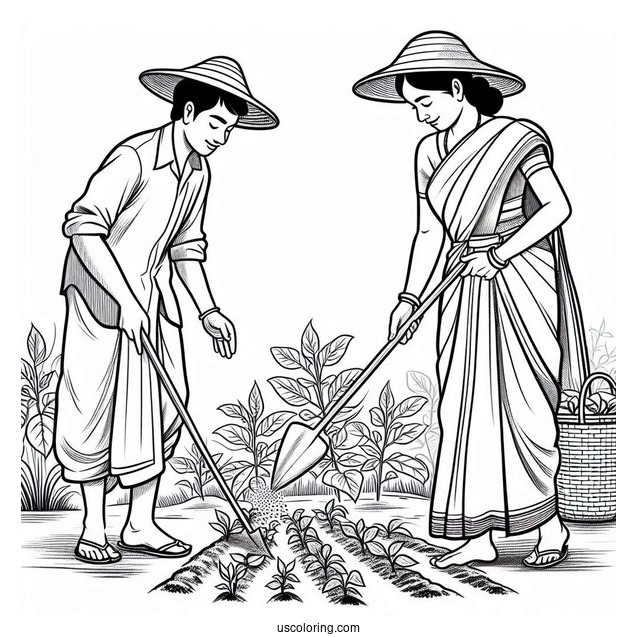 Two Farmers Planting Crops To Color
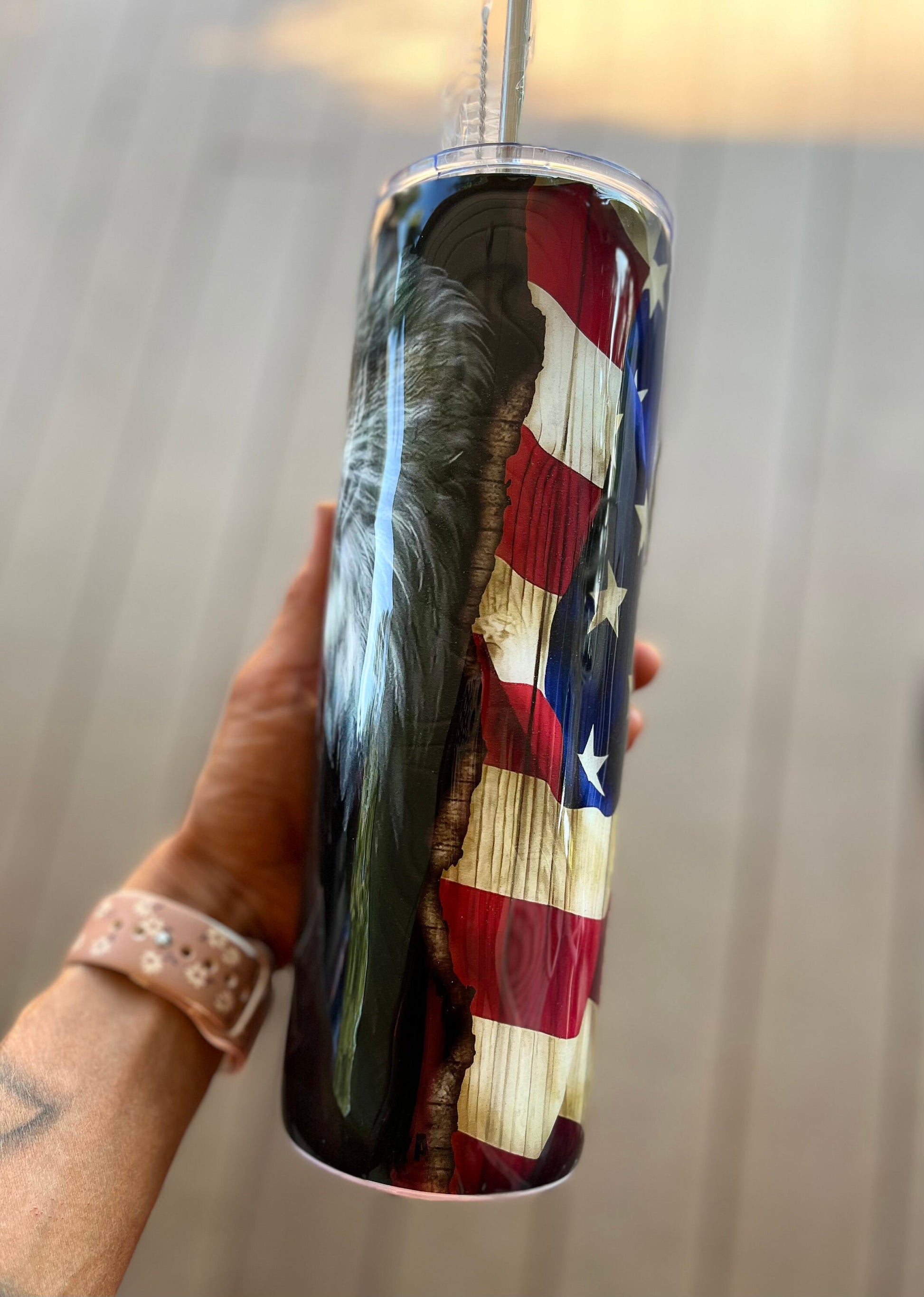 Eagle Tumbler American Flag and Eagle Tumble USA Tumbler Eagles Tumbler Handmade Tumbler Eagle Cup Epoxy Tumbler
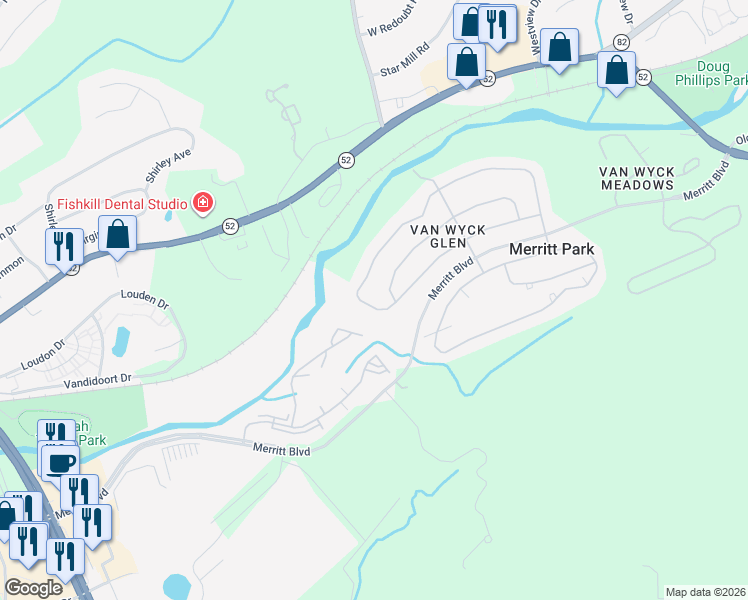 map of restaurants, bars, coffee shops, grocery stores, and more near 145 Stony Brook Road in Fishkill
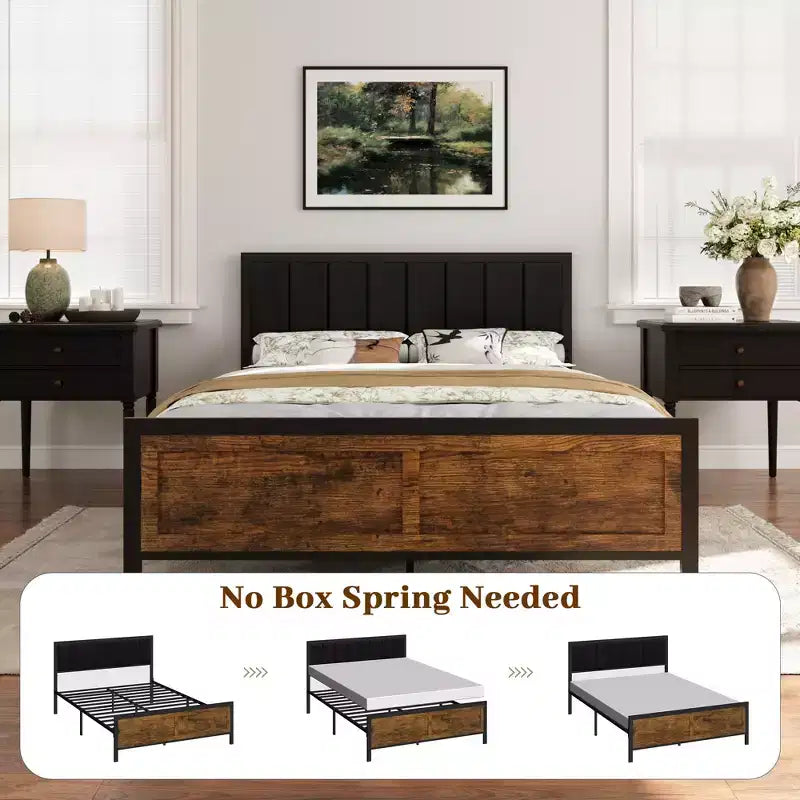 Dyonery vintage bed frame, headboard leather soft cover + high-density sponge, no box spring design, easy to install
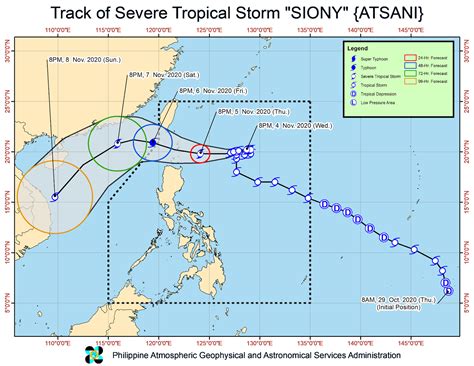 The gray line extending through these symbols represents the past track, showing where the center of the storm. Severe Tropical Storm Siony may become a typhoon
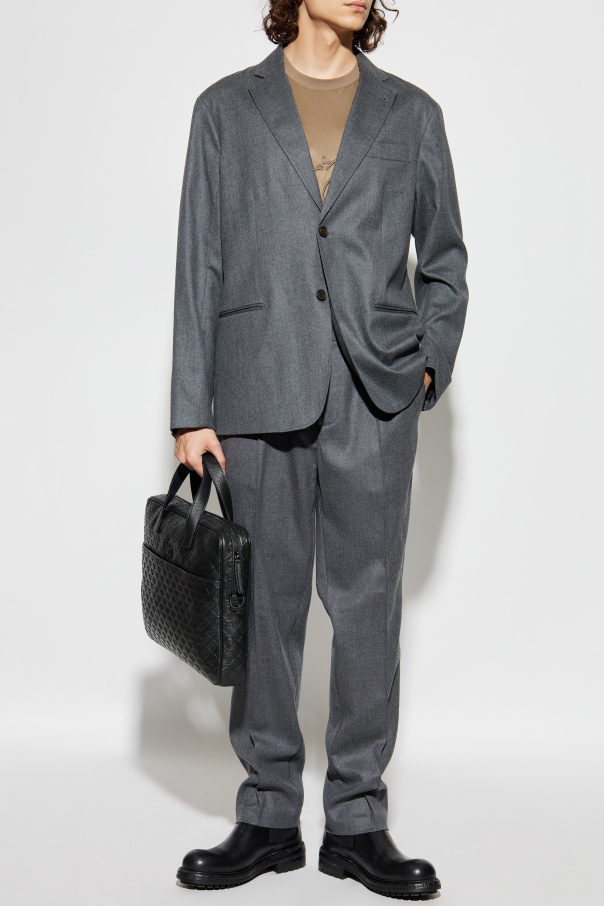 Emporio Armani Pantalones de lana con raya marcada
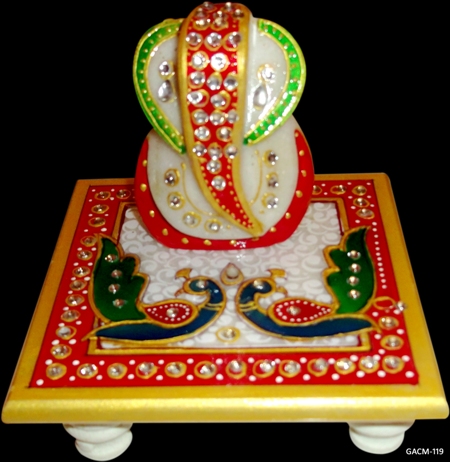 Manufacturers Exporters and Wholesale Suppliers of Marble Peacock Chowki Ganesh Jaipur Rajasthan
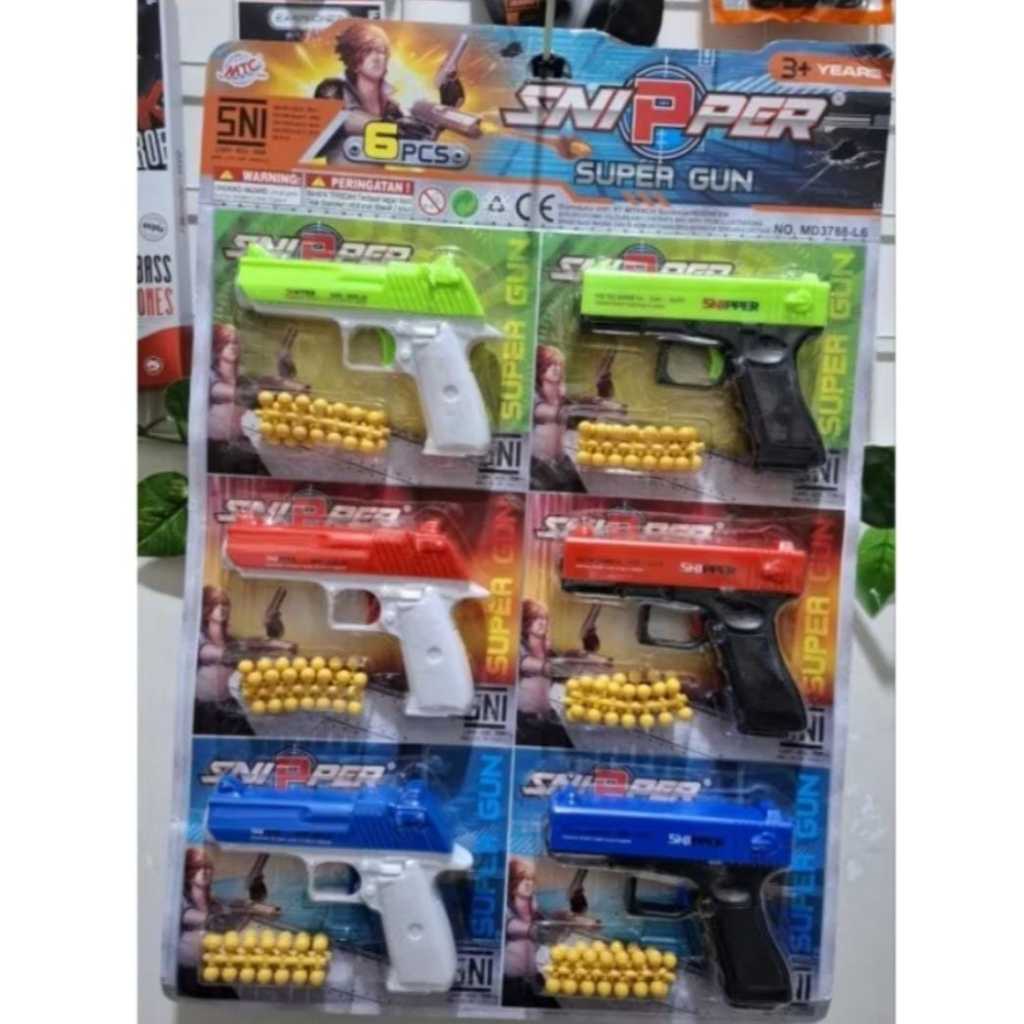 Mainan Snipper Super Gun Pistol Peran Tembak Tembakan Peluru Kecil Bulat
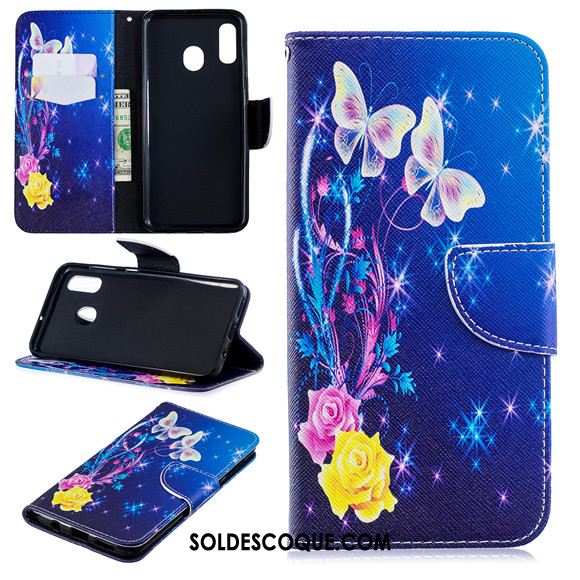 Coque Samsung Galaxy A40 Protection Bleu Étui En Cuir Téléphone Portable Clamshell En Vente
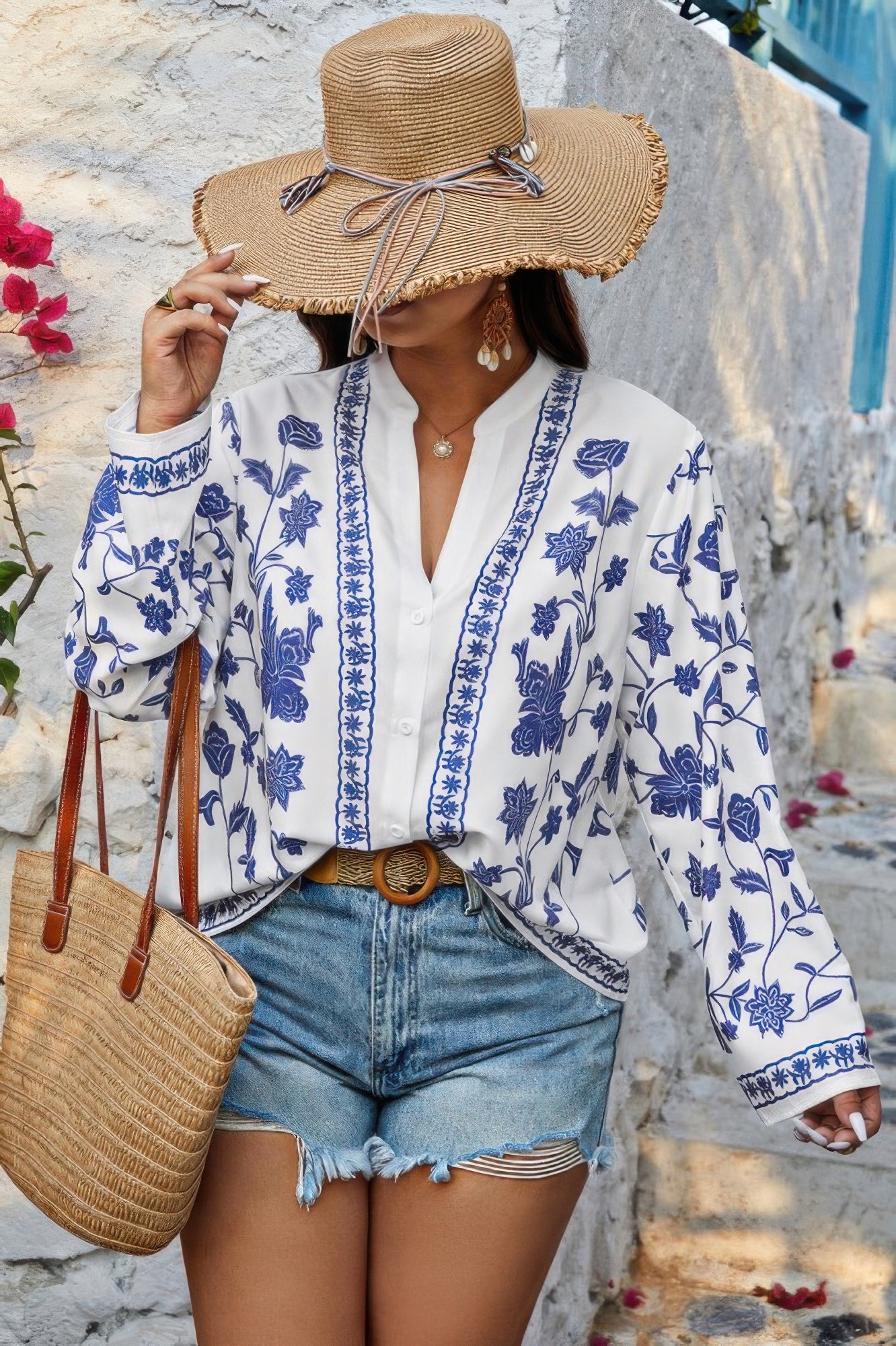 Plus Size V Neck Button Floral Print Loose Blouse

==========

__AIM OF THE TASK__: Every line from the one containing "Manufacturers Exporters and" through the end of the entries above is to be copied exactly; pictures are to be left out.

__ANSWER SPACE__:
 Manufacturers Exporters and Wholesale Suppliers of Marble Peacock Chowki Ganesh Jaipur Rajasthan
 Mainan Snipper Super Gun Pistol Peran Tembak Tembakan Peluru Kecil Bulat
 Coque Samsung Galaxy A40 Protection Bleu Étui En Cuir Téléphone Portable Clamshell En Vente
 Plus Size V Neck Button Floral Print Loose Blouse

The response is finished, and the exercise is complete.